Appointing Theresa May, who didn’t believe in Brexit, as prime minister was a fatal flaw. That is why she deliberately sabotaged the negotiations and brought about this dog’s Brexit, British politician George Galloway has told RT.
British Prime Minister Theresa May cancelled a crucial vote on her Brexit deal which was set to be decided on by the House of Commons this Tuesday. She admitted that the vote was cancelled as she feared she would lose it “by a significant margin.” The Brexit vote will now happen “before January 21,” her spokesperson said Tuesday.
RT asked political analysts what other possible twists and turns might be ahead.
George Galloway, British politician, broadcaster and writer, called the situation May is in an absolute chaos which is “humiliating the country, her own party and democracy itself.”
He thinks the appointment of a person who didn’t believe in Brexit as Prime Minister was “a fatal flaw.”
“It is an Achilles heel of the entire thing…[May] deliberately sabotaged these negotiations and brought about this dog’s Brexit,” he added.

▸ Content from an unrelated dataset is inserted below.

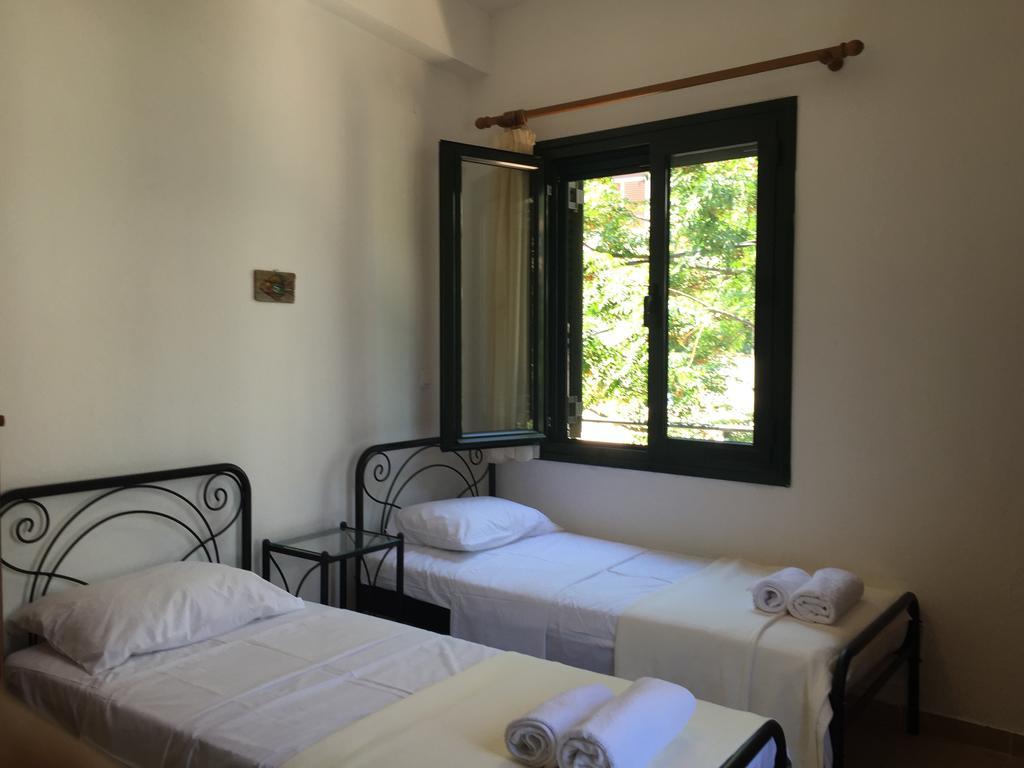 Icthyoessa Apartment Agios Kirykos  Ngoại thất bức ảnh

In his view, “this is not Brexit that she is proposing. And therefore a good one hundred of our own MPs will never vote for it, whatever reassurance she brings back. It is like Chamberlin waving his piece of paper promising peace in our time,” said Galloway.

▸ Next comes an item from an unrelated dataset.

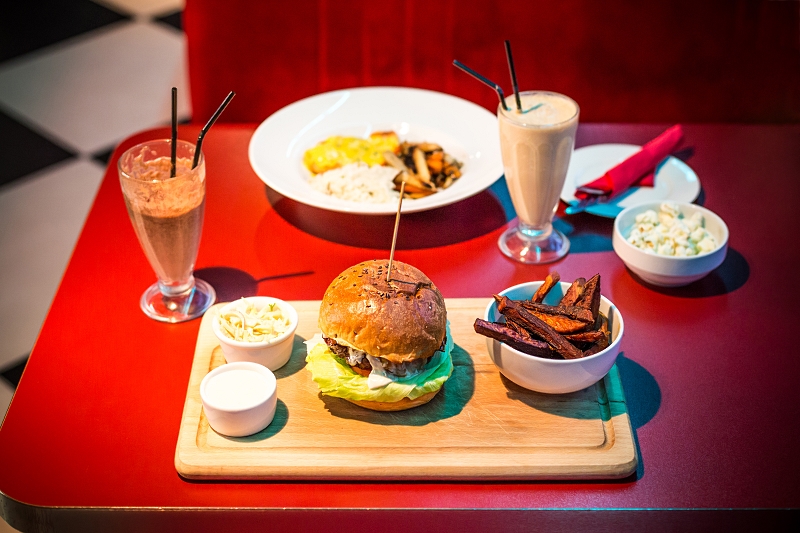 Burger i łosoś w sosie śmietanowo-cytrynowym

On Tuesday, Theresa May arrived in Berlin for to meet Dutch PM Mark Rutte and Germany’s Angela Merkel for talks to save her Brexit deal.
According to Galloway, the EU leaders “clearly smell blood in the form of a second referendum which they hope would lead to a reversal of the last referendum result.”
“Whether or not they are right about it, it would still leave millions of people very bitter and angry, it would risk social peace in Britain if the first referendum is somehow annulled,” he continued.
While there were more calls for a second referendum, if there is one, Galloway suggested, “it would be close either the other way or the same way.”
“In any case, if it went against the Brexiteers, they’d demand a third referendum, if it went against the Remainers, they’d blame the Russians,” Galloway noted.
The most likely outcome for the nearest future in Britain is “Theresa May being overthrown by her own party and a new prime minister returning to square one,” according to Galloway.
He pointed out that “there are plenty of people in the wings waiting. Boris Johnson even got his hair cut for the occasion, just to look prime ministerial. And he is Churchill’s biographer.”
Why is May buying time?
Thom Brooks, a professor of law and government and the dean at Durham Law School, suggested that Theresa May is trying to buy herself more time.
“It makes you wonder… for what? There won’t be a different deal, any changes to the deal. The reassurances around the backstops – promises from Brussels they really won’t keep Britain perpetually in a customs union… It is very difficult to see how these promises will change any mind at all in parliament,” Brooks explained.
Given the European Court of Justice ruling that there is an option for Britain to remain in without a need of getting any approval from the EU, Brooks said that the strategy of ‘my deal or no deal’ seems to be not the only option now.
“That is really throwing into disarray those who are worried about the ‘no deal’ option – that is not the only option. And that changes the game,” he said.
“If this minority government can’t get its way on fundamental bills like this Brexit vote, if it can’t function, it can’t be a government. And ‘no confidence’ seems to be the only option,” Brooks concluded.
Theresa May is aiming for more concessions from EU on the Irish border issue to help push her deal through.
RT spoke to Máirtín Ó Muilleoir, a member of Irish party Sinn Féin, who claimed that no one on either side of the Ireland’s border wants Brexit.
“I think we do not want to see any border, certainly not in the Northern Ireland, not in the Irish Sea either. The majority here in Northern Ireland voted to remain. It is an absolute democratic disgrace to force us to exit the European Union,” Ó Muilleoir said.
He explained that “if we exit on the terms of the Brexiteers, or the DUP’s… it will mean return to a hard border, it will mean the diminishing and the undermining of the Good Friday Agreement which of course underpins our peace process. It will mean that jobs will be lost, investment will be lost, we will jeopardize the progress that we have made in terms of our peace process and in terms of reconciliation over 20 years.”
“For all those reasons we are against borders,” Ó Muilleoir told RT adding that “we don’t believe that the backstop, the special status for Northern Ireland which is contained in the agreement, we don’t believe that will lead to the hard border in the Irish Sea. The constitutional issue for Northern Ireland will be decided on another day.”